Cet article propose un survol des manipulations les plus fréquentes, ainsi que des ressources complémentaires.

Prérequis

L'article nécessite de connaissances de base de R, notamment au niveau des structures de données de type data.frame ou tibble (i.e. organisées en lignes et colonnes). La lecture préalable de l'article Introduction à Tidyverse est également recommandée.

Installation

dplyr est l'un des paquets qui composent l'écosystème Tidyverse. Il peut donc être installé deux deux manières :

  • Paquet individuel
  • Paquet global Tidyverse

Paquet dplyr individuel

Pour installer seulement le paquet dplyr, la commande est la suivante :

# Installation individuelle
install.packages("dplyr")

Pour utiliser le paquet il faudra à ce moment le charger :

library(dplyr)

Paquet global Tidyverse

Si vous installez le paquet global Tidyverse, dplyr est installé automatiquement.

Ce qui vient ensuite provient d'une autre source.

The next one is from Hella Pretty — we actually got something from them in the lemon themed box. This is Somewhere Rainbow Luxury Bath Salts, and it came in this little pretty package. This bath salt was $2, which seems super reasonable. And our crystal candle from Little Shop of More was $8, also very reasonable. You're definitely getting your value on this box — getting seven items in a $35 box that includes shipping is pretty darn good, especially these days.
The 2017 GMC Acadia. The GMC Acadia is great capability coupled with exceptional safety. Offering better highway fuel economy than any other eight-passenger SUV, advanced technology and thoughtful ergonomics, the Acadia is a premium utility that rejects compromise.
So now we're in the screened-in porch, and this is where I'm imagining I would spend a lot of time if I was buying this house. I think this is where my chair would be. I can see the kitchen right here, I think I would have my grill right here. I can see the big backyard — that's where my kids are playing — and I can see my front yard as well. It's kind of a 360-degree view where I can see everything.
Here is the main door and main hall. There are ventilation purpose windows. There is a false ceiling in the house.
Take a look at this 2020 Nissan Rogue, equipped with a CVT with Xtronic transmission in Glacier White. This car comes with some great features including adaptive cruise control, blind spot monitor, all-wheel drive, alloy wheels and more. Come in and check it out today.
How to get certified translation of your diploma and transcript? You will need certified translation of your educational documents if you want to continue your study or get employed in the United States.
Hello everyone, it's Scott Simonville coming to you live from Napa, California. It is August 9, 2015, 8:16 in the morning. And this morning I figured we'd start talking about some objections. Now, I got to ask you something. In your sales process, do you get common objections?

# Installation de Tidyverse
install.packages("tidyverse")

L'installation de l'écosystème Tidyverse est conseillée, car dplyr peut s'intégrer facilement avec d'autres manipulations sur les données comme par exemple la visualisation des données avec ggplot2.

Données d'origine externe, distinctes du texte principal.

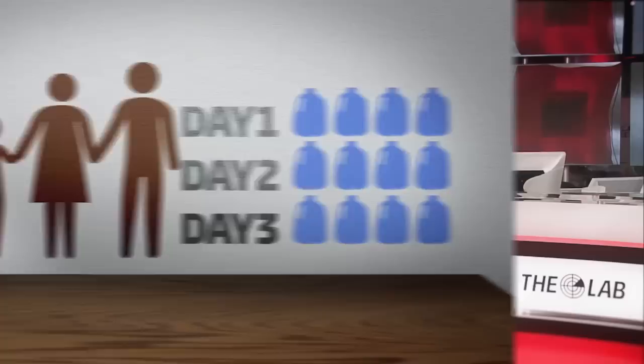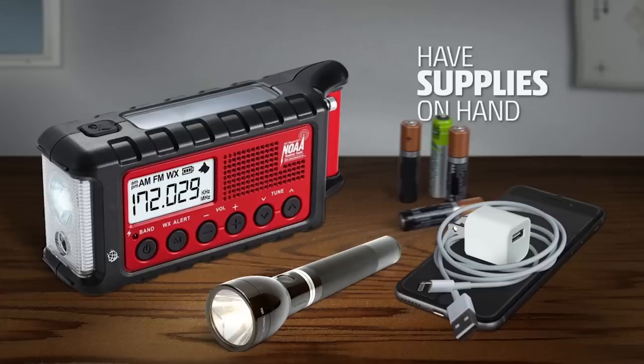Buy enough food to get ready for several days — make sure it's food you actually eat. Other things to have on hand: a battery-powered or hand-crank NOAA weather radio, flashlights, a cell phone with chargers, and extra batteries to keep everything running.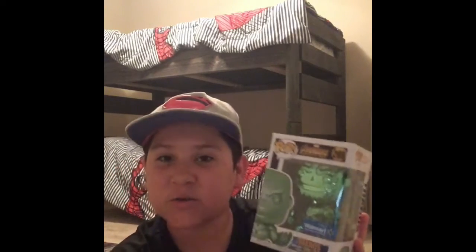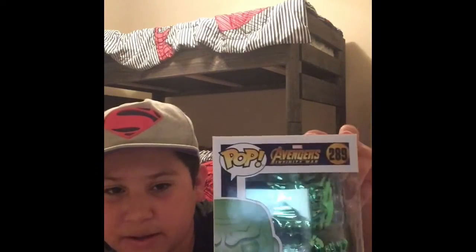First, we have the Time Stone Thanos. Now this Thanos is exclusive to Walmart, so you can only get this at Walmart — you can probably find it on Amazon too. This one's probably my favorite, along with the Reality Stone. I love the colors on this one. It's very well made, it shines a lot. This one's one of my favorites for sure.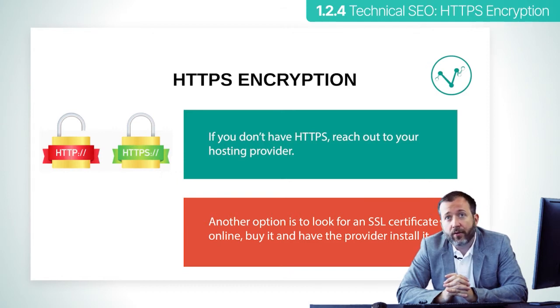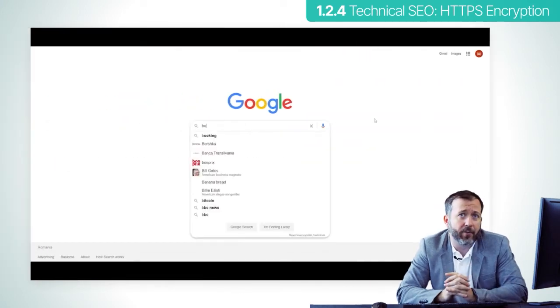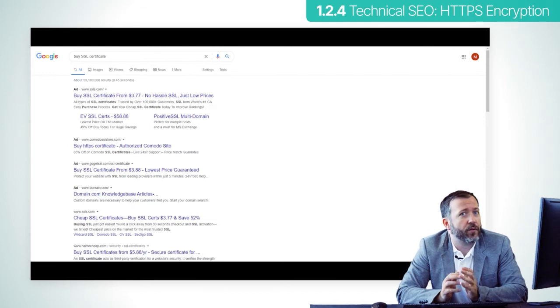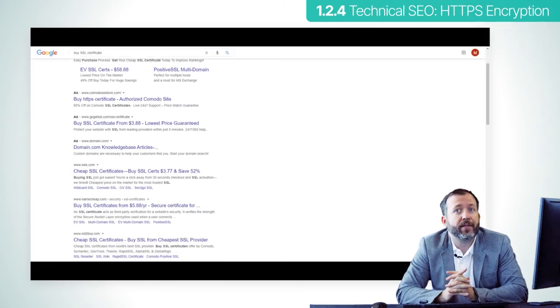What you can do is contact your hosting provider and have it solve the problem. If that doesn't solve the problem, you can do a search for SSL certificates yourself. You can see here on Google there are many options to choose from. Buy one and have the seller install it for you. Remember that the certificate will need to be renewed periodically.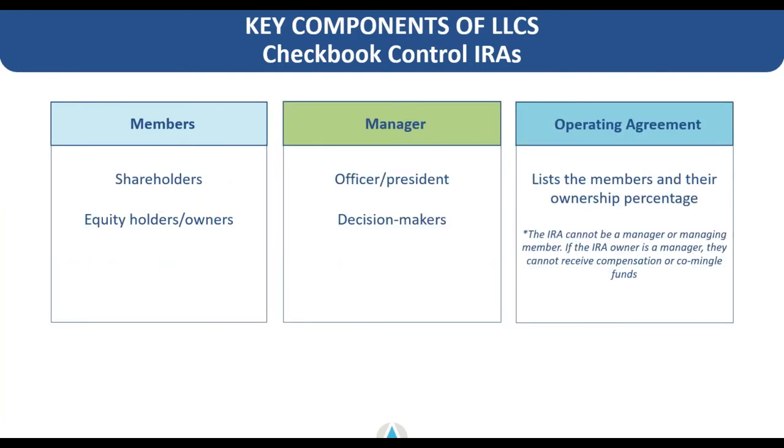The key components of an LLC for checkbook control: the members are the equity holders or owners — which would be the retirement account in a single-member strategy, or the retirement account plus yourself plus any other members in a multi-member strategy. The manager is typically the account holder but could also include other individuals listed as decision-makers in the operating agreement. The operating agreement lists all members, their ownership percentages, and specific criteria for a retirement account LLC — notably that the IRA cannot be the manager, so it must be a manager-managed LLC.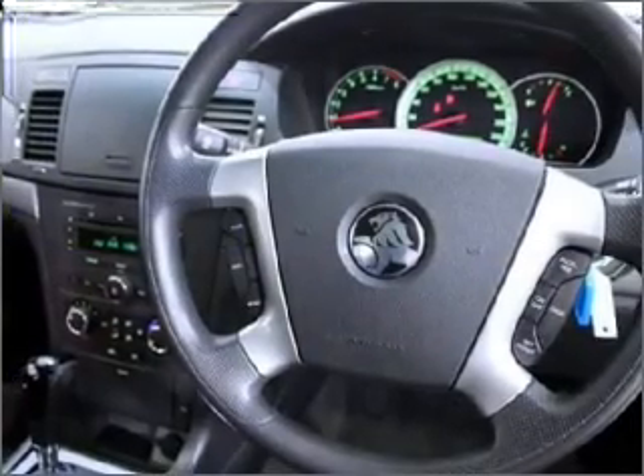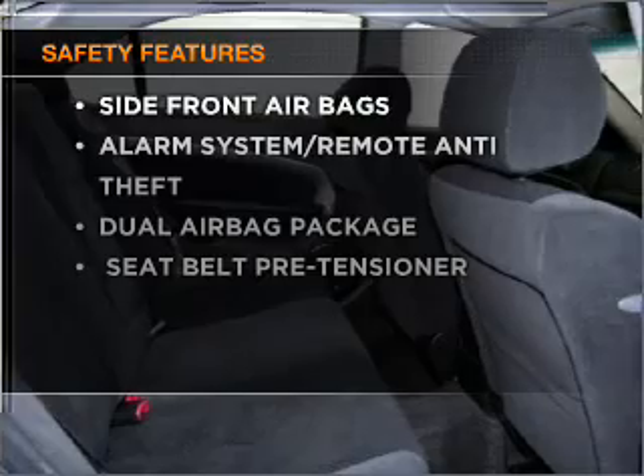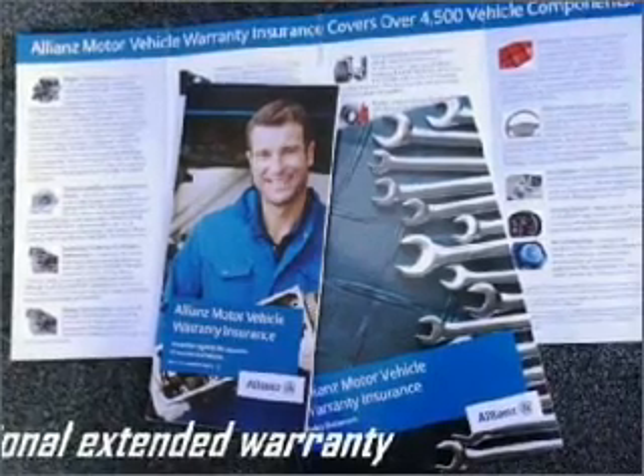Anti-lock brakes help to bring your vehicle to a safe stop. If safety is a concern, know you are covered with this vehicle's features. Let us put you in the driver's seat today. Call us now.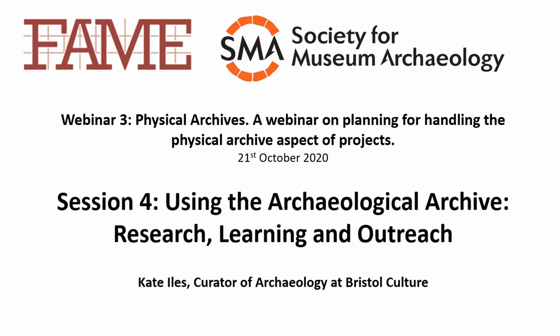Welcome to Session 4 of this FAME webinar on Archaeological Archives. Deb and Kat have explained how we process and look after each archive, which leaves me with the fun bit — showing you some of the many ways that museums try to make them accessible to everyone.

Pour utiliser le paquet vous pouvez à ce moment choisir si :

  • Charger seulement dplyr
    library(dplyr)
    
  • Charger tous les paquets de Tidyverse
    library(tidyverse)
    

Voir Introduction à Tidyverse pour plus de détails.

Données gapminder utilisées dans le tutoriel

Pour faciliter la compréhension des différents éléments de dplyr, cet article utilise un jeu de données issue du paquet gapminder (Bryan, 2017), créé par Jennifer Bryan, qui est un extrait des données collectées par la fondation Gapminder, un institution indépendante qui utilise les données afin de modifier des mauvaises conceptions que les personnes ont souvent à propos de phénomènes globaux.

Cette section explique comment installer le paquet et fourni une description des donnée disponibles. Au moment de l'écriture de ce tutoriel, la version du paquet gapminder est la 0.3.0 (voir versionnage sémantique). Le paquet propose des données sur plusieurs nations du monde. À la version 0.3.0, les données sont disponibles jusqu'en 2007.

Installation et chargement

Pour disposer des données, il faut d'abord installer le paquet avec la commande :

install.packages("gapminder")

À ce moment, il faut charger le paquet pour pouvoir l'utiliser

library(gapminder)

Description des données

Une fois chargé le paquet avec l'instruction library(gapminder) vous aurez accès à deux références symboliques :

  • gapminder
  • gapminder_unfiltered

Les deux jeux de données ont la même structure, mais gapminder compte seulement 1'704 observations, tandis que gapminder_unfiltered en a 3'313. Nous allons utiliser gapminder dans la suite de cet article.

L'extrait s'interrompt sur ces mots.